The pristine facility is a combination of 1920s elegance and modern practicality.

"To be good stewards" of their donors' contributions and what they consider God's provision of the facility, Fielder said, "we've tried to make the best use of every inch of floor space." Rooms "are the minimum size they can be to accomplish their purposes," she said during a recent tour. "Every decision in the project had to pass the test of efficiency, practicality, durability and low maintenance."

The agency made some renovations to the original 2,300-square-foot, two-story home's floor plan and added a 2,200-square-foot extension, which includes former garage space. There is a paved parking lot and a covered ground-level porch where donors can drop off baby furniture and other supplies and moms-to-be can pick up items they need.

The "supply closet" - holding baby cribs and beds, maternity and baby clothes, and a mountain of disposable diapers - is actually the largest room in the addition. There are also six counseling rooms where women and their families are given information on sexuality, pregnancy, adoption and parenting. There are waiting and reception areas, a counselor work area, and rest rooms. A large unfinished attic space will eventually be available for group meetings and babysitting.

Space in the original house is used for administrative offices, meeting areas, storage and a kitchen.

Getting into the house provided a lesson in patience and "God's grace."

When Fielder and her board first heard about the house, they thought it would be appropriate for the agency but they weren't willing to pay the $160,000 asking price. They made a low offer that was rejected and the brick house went on the auction block.

"We were pretty sure it would go," Field said. But to her surprise, the building didn't sell at auction. The Crisis Pregnancy Center board went back to the owner for new negotiations and came out with a deal for $121,000 last December.

That was only part of the process, though. The addition had to be designed and built. The house itself needed extensive cosmetic work inside, as well as a new heating and air-conditioning system.

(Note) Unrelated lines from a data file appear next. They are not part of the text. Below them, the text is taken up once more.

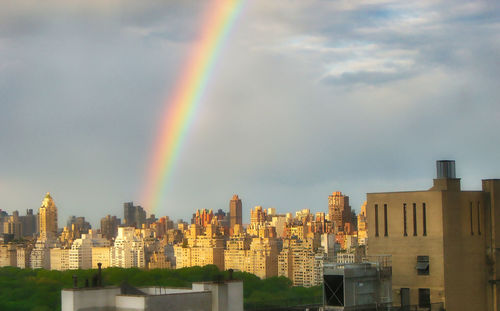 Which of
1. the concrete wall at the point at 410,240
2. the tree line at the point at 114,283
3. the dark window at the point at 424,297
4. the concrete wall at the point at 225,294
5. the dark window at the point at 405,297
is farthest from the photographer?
the tree line at the point at 114,283

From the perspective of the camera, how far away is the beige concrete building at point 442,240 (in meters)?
27.8

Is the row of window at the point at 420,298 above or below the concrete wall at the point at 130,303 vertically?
below

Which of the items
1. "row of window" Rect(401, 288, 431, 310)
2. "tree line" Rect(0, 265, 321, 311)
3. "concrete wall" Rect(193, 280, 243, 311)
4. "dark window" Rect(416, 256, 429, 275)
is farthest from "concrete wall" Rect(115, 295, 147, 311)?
"tree line" Rect(0, 265, 321, 311)

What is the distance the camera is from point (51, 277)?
467 feet

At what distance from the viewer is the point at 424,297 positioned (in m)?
28.2

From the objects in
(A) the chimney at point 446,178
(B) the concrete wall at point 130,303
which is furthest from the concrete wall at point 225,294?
(A) the chimney at point 446,178

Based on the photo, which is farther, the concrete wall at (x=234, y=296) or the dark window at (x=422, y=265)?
the dark window at (x=422, y=265)

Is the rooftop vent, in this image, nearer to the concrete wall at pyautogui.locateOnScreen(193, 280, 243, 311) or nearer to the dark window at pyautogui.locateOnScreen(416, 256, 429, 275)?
the dark window at pyautogui.locateOnScreen(416, 256, 429, 275)

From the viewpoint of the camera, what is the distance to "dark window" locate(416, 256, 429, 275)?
28.1 meters

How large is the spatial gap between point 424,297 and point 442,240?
1.91 metres

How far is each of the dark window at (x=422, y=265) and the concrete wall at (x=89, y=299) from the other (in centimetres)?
958

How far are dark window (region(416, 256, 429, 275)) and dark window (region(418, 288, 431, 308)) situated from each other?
1.70ft

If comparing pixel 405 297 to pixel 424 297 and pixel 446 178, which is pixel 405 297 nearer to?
pixel 424 297

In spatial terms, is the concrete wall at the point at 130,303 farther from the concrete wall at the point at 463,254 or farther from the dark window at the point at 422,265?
the concrete wall at the point at 463,254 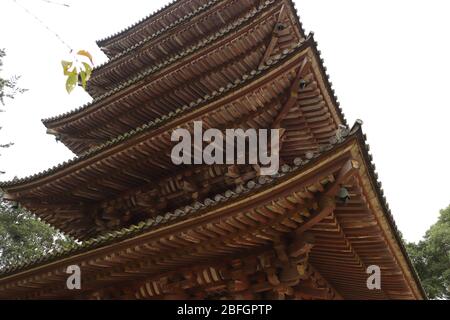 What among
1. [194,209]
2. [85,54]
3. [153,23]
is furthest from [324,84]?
[153,23]

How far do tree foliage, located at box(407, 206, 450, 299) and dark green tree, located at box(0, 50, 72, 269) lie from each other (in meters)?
20.1

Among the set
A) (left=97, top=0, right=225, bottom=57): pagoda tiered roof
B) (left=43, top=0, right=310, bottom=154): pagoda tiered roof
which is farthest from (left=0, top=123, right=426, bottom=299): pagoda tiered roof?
(left=97, top=0, right=225, bottom=57): pagoda tiered roof

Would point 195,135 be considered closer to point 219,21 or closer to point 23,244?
point 219,21

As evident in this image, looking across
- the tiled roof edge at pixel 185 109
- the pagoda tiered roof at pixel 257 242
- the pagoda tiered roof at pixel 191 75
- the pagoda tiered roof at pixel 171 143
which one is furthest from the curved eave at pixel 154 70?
the pagoda tiered roof at pixel 257 242

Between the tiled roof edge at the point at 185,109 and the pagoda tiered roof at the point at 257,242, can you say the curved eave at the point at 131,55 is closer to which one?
the tiled roof edge at the point at 185,109

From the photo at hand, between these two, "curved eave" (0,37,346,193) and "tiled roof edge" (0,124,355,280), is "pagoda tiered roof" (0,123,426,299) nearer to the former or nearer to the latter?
"tiled roof edge" (0,124,355,280)

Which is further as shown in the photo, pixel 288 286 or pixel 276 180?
pixel 288 286

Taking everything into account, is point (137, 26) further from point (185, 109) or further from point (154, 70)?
point (185, 109)

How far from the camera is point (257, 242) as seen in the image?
541cm

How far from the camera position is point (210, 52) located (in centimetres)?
866

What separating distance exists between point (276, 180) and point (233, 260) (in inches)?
62.5

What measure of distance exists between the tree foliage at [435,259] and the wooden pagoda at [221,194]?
15618 mm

The basement was in such bad shape Fielder wasn't sure it would even be usable, but volunteer labor turned it into dry, bright storage space.

The question of financing such a massive project was a matter of prayer and a capital funds campaign. About $200,000 in cash donations to cover the $350,000 total cost of the project has already been received. That doesn't include donations and discounts for furnishings, appliances, and labor. Fielder hopes the final 15- to 20-year mortgage will have payments under $1,000 a month.

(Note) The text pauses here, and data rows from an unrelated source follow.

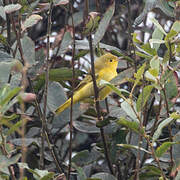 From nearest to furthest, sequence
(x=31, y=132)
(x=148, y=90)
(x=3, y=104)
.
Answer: (x=3, y=104) → (x=148, y=90) → (x=31, y=132)

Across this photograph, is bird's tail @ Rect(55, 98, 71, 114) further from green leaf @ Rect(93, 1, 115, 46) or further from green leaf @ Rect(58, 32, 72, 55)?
green leaf @ Rect(93, 1, 115, 46)

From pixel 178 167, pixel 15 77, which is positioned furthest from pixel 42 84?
pixel 178 167

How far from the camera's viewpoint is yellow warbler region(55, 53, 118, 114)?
2.46 m

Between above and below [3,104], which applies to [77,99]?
below

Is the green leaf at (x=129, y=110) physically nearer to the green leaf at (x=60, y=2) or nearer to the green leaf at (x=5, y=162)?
the green leaf at (x=5, y=162)

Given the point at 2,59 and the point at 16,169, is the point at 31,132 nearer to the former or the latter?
the point at 16,169

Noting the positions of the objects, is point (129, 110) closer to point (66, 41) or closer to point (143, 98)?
point (143, 98)

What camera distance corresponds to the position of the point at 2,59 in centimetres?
194

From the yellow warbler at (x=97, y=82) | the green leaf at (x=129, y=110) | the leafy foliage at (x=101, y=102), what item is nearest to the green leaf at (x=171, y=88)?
the leafy foliage at (x=101, y=102)

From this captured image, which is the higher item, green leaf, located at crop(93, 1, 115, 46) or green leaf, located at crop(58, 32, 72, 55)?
green leaf, located at crop(93, 1, 115, 46)

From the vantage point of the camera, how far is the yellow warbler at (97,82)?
8.07ft

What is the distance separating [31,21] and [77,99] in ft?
3.32

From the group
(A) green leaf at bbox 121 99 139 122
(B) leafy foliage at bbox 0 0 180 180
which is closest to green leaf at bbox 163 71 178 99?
(B) leafy foliage at bbox 0 0 180 180

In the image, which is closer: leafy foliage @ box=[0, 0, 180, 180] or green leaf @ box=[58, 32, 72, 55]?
leafy foliage @ box=[0, 0, 180, 180] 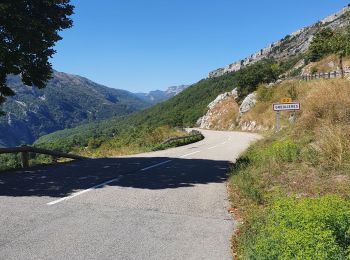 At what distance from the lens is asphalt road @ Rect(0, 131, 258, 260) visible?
18.6ft

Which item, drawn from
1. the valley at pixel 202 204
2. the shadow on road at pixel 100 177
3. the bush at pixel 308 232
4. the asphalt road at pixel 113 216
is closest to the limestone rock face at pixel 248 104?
the valley at pixel 202 204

The facility is "not extravagant, but a pleasant place for our clients" and staff, Fielder said. "We want our clients to feel loved and valued when they come in the door."

The center served more than 600 new clients in 1994, Fielder said, and recorded more than 1,500 "client contacts" through counseling, office visits and other interaction. The staff took more than 2,700 phone calls from clients and potential clients.

Free pregnancy tests mark the initial office contact for about three-fourths of the center's clients. About half of those tests are positive.

Counselors talk to the ones who are pregnant about options other than abortion, but "it's their decision. They have to make it," Fielder said. "We do point out the disadvantages and consequences of each option," she said. "We try to be as straight as we know how."

For those whose tests are negative, counselors talk about sexuality and promote abstinence as the biblically mandated option for single people.

The center is a distinctively Christian operation, but Fielder said less than half of its clients describe themselves as church-goers, and the percentage is consistently declining.